Your goal — Down to the last line below, give the listing again exactly.

Collected data —
○ ○ ○ ○ ○

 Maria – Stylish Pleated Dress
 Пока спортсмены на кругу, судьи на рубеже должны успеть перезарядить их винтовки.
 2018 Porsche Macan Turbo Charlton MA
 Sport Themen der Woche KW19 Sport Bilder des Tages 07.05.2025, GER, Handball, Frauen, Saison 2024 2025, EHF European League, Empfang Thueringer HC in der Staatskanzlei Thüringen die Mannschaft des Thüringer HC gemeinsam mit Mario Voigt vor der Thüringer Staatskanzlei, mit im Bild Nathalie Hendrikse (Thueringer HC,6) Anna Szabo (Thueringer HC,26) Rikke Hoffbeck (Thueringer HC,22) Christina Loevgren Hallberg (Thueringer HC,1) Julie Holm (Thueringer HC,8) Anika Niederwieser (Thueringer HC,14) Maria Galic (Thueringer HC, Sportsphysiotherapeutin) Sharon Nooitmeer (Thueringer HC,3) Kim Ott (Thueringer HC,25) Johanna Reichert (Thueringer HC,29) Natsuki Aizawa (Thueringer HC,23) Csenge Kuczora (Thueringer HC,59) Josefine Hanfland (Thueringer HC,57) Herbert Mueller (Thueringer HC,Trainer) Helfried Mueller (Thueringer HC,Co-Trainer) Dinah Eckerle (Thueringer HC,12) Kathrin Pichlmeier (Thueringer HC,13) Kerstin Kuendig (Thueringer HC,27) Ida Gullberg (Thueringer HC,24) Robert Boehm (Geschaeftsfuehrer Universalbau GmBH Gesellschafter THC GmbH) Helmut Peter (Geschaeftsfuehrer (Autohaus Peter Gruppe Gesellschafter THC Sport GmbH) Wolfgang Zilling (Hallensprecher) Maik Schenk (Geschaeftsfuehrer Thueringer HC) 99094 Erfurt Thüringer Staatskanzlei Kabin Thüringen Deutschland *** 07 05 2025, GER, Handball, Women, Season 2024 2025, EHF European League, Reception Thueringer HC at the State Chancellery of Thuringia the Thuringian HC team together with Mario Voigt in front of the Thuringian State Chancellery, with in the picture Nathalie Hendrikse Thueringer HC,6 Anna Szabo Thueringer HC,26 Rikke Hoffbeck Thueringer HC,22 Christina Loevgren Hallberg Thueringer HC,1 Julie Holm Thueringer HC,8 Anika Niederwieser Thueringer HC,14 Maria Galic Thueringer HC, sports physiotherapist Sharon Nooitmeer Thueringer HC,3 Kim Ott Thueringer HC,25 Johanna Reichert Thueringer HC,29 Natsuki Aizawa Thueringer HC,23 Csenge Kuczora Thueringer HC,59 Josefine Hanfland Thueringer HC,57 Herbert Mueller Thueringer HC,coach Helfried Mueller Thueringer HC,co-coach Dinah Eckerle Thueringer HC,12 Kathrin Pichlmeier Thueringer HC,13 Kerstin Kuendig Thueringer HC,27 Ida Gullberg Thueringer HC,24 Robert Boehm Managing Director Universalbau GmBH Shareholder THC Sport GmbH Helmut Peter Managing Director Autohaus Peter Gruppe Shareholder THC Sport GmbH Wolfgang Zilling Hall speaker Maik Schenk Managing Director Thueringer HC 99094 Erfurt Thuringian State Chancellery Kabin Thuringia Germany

○ ○ ○ ○ ○

Exercise result —
 Maria – Stylish Pleated Dress
 Пока спортсмены на кругу, судьи на рубеже должны успеть перезарядить их винтовки.
 2018 Porsche Macan Turbo Charlton MA
 Sport Themen der Woche KW19 Sport Bilder des Tages 07.05.2025, GER, Handball, Frauen, Saison 2024 2025, EHF European League, Empfang Thueringer HC in der Staatskanzlei Thüringen die Mannschaft des Thüringer HC gemeinsam mit Mario Voigt vor der Thüringer Staatskanzlei, mit im Bild Nathalie Hendrikse (Thueringer HC,6) Anna Szabo (Thueringer HC,26) Rikke Hoffbeck (Thueringer HC,22) Christina Loevgren Hallberg (Thueringer HC,1) Julie Holm (Thueringer HC,8) Anika Niederwieser (Thueringer HC,14) Maria Galic (Thueringer HC, Sportsphysiotherapeutin) Sharon Nooitmeer (Thueringer HC,3) Kim Ott (Thueringer HC,25) Johanna Reichert (Thueringer HC,29) Natsuki Aizawa (Thueringer HC,23) Csenge Kuczora (Thueringer HC,59) Josefine Hanfland (Thueringer HC,57) Herbert Mueller (Thueringer HC,Trainer) Helfried Mueller (Thueringer HC,Co-Trainer) Dinah Eckerle (Thueringer HC,12) Kathrin Pichlmeier (Thueringer HC,13) Kerstin Kuendig (Thueringer HC,27) Ida Gullberg (Thueringer HC,24) Robert Boehm (Geschaeftsfuehrer Universalbau GmBH Gesellschafter THC GmbH) Helmut Peter (Geschaeftsfuehrer (Autohaus Peter Gruppe Gesellschafter THC Sport GmbH) Wolfgang Zilling (Hallensprecher) Maik Schenk (Geschaeftsfuehrer Thueringer HC) 99094 Erfurt Thüringer Staatskanzlei Kabin Thüringen Deutschland *** 07 05 2025, GER, Handball, Women, Season 2024 2025, EHF European League, Reception Thueringer HC at the State Chancellery of Thuringia the Thuringian HC team together with Mario Voigt in front of the Thuringian State Chancellery, with in the picture Nathalie Hendrikse Thueringer HC,6 Anna Szabo Thueringer HC,26 Rikke Hoffbeck Thueringer HC,22 Christina Loevgren Hallberg Thueringer HC,1 Julie Holm Thueringer HC,8 Anika Niederwieser Thueringer HC,14 Maria Galic Thueringer HC, sports physiotherapist Sharon Nooitmeer Thueringer HC,3 Kim Ott Thueringer HC,25 Johanna Reichert Thueringer HC,29 Natsuki Aizawa Thueringer HC,23 Csenge Kuczora Thueringer HC,59 Josefine Hanfland Thueringer HC,57 Herbert Mueller Thueringer HC,coach Helfried Mueller Thueringer HC,co-coach Dinah Eckerle Thueringer HC,12 Kathrin Pichlmeier Thueringer HC,13 Kerstin Kuendig Thueringer HC,27 Ida Gullberg Thueringer HC,24 Robert Boehm Managing Director Universalbau GmBH Shareholder THC Sport GmbH Helmut Peter Managing Director Autohaus Peter Gruppe Shareholder THC Sport GmbH Wolfgang Zilling Hall speaker Maik Schenk Managing Director Thueringer HC 99094 Erfurt Thuringian State Chancellery Kabin Thuringia Germany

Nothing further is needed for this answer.